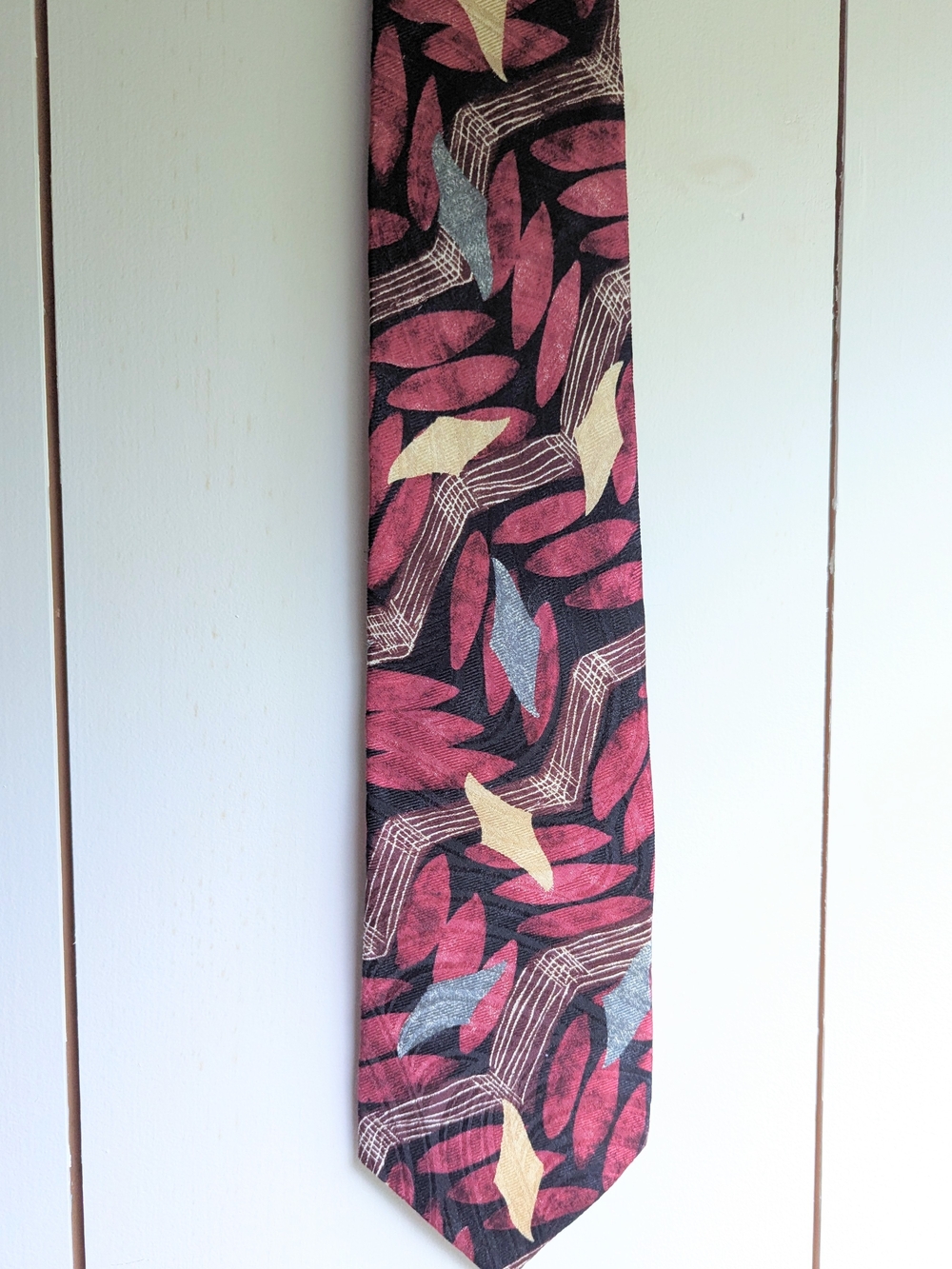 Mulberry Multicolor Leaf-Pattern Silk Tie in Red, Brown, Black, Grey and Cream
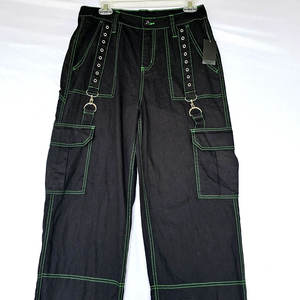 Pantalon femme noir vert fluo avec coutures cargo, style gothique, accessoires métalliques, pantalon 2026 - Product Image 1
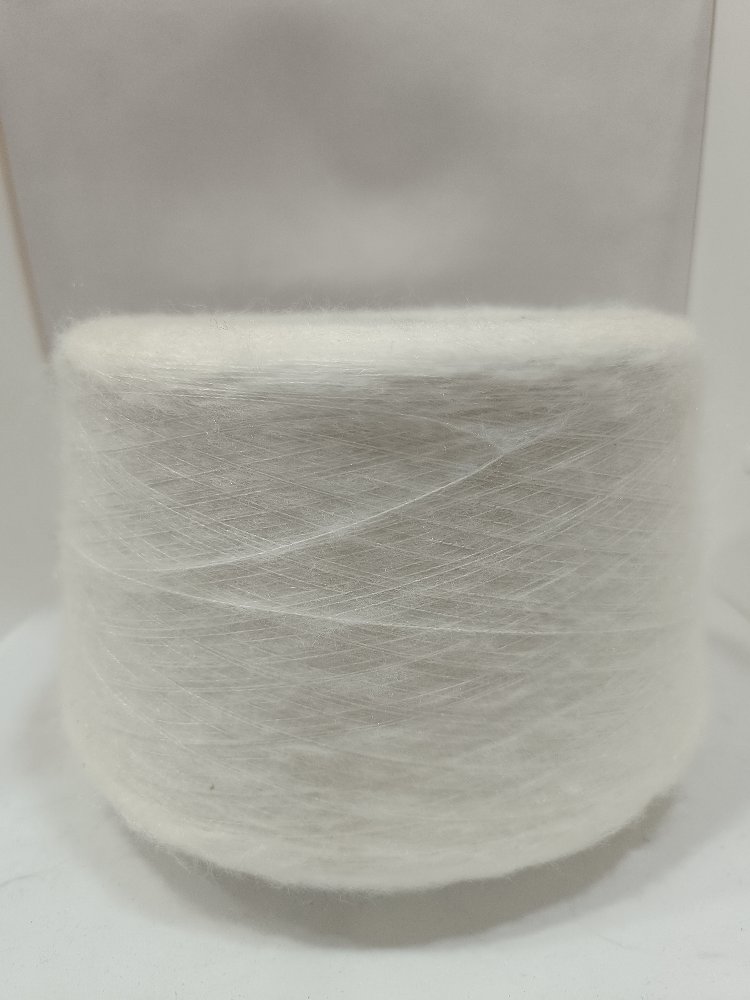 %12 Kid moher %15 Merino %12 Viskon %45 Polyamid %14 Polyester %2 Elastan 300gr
------------------------
YOUR OBJECTIVE> Copy exactly, and only, the lines running from the one containing "Pantalon femme noir" through the final line of the data, and omit the pictures.

REPLY TO THE EXERCISE>
 Pantalon femme noir vert fluo avec coutures cargo, style gothique, accessoires métalliques, pantalon 2026 - Product Image 1
 %12 Kid moher %15 Merino %12 Viskon %45 Polyamid %14 Polyester %2 Elastan 300gr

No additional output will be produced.